## WHAT TO DO
Please give the whole listing again word for word, and drop any pictures it holds.

## DATA
^^^^^^^^^^^^^^^^
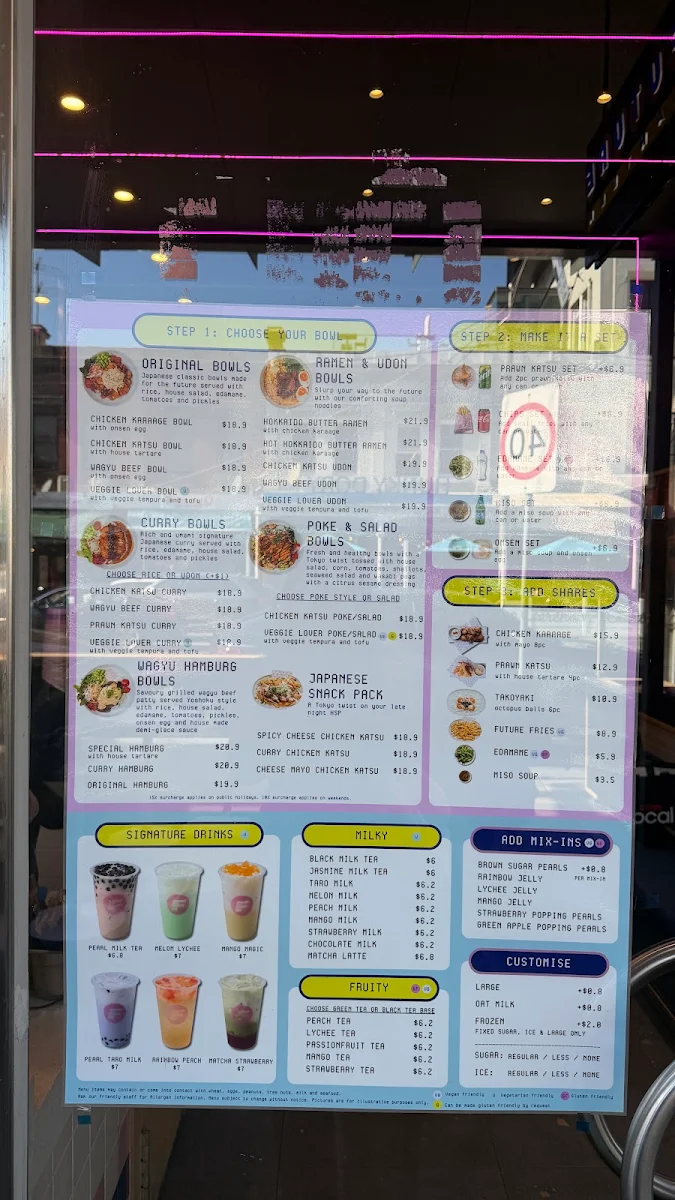 Menu, Future Canteen South Melbourne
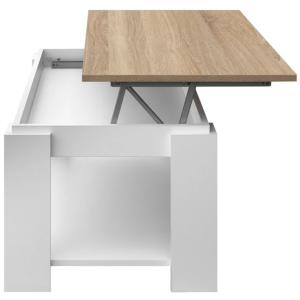 TABLE basse blanche, 100 cm, plateau relevable, couleur chêne, GALION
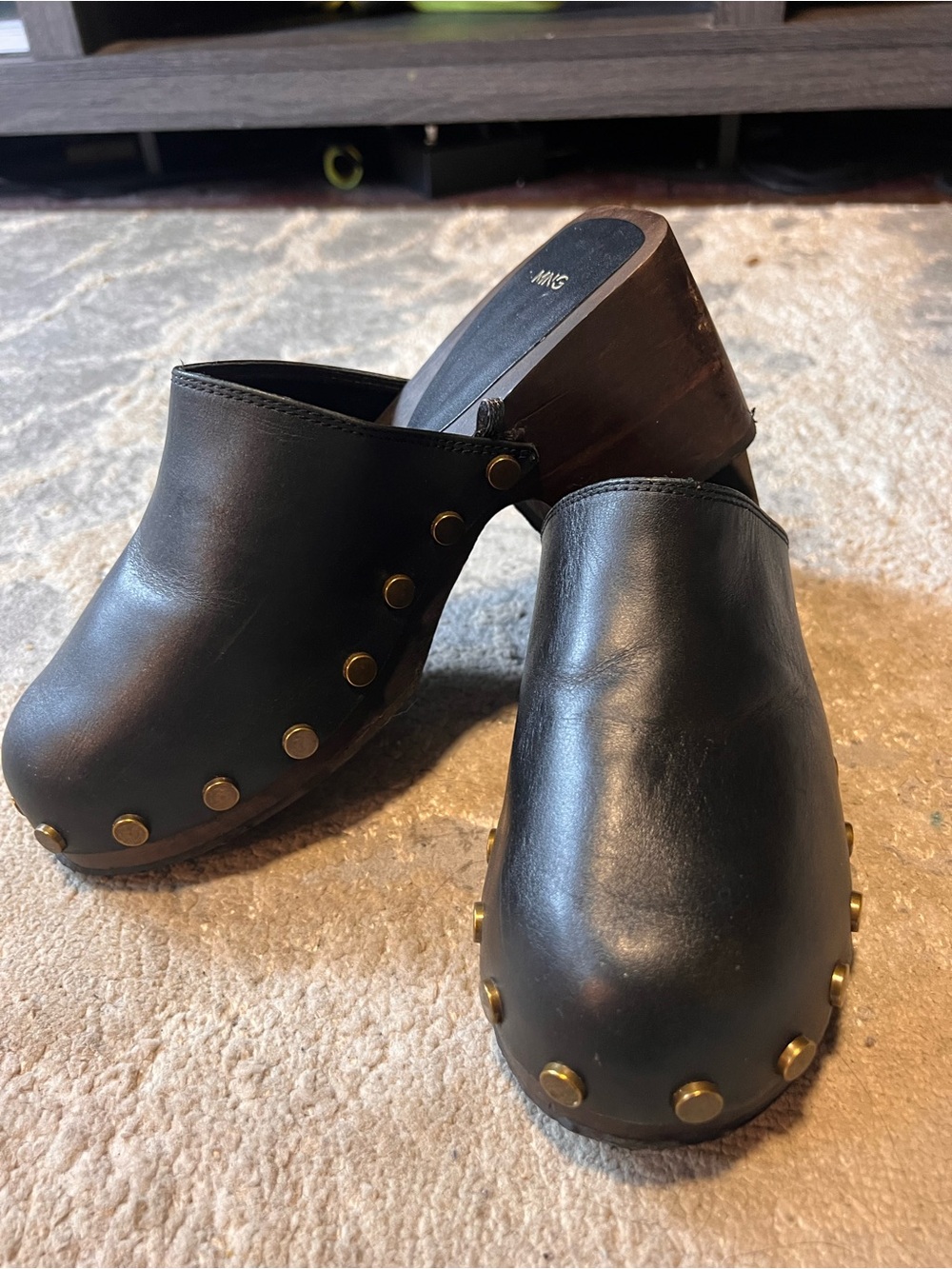 Black Leather Studded Clog Heels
^^^^^^^^^^^^^^^^
## EXERCISE ANSWER
 Menu, Future Canteen South Melbourne
 TABLE basse blanche, 100 cm, plateau relevable, couleur chêne, GALION
 Black Leather Studded Clog Heels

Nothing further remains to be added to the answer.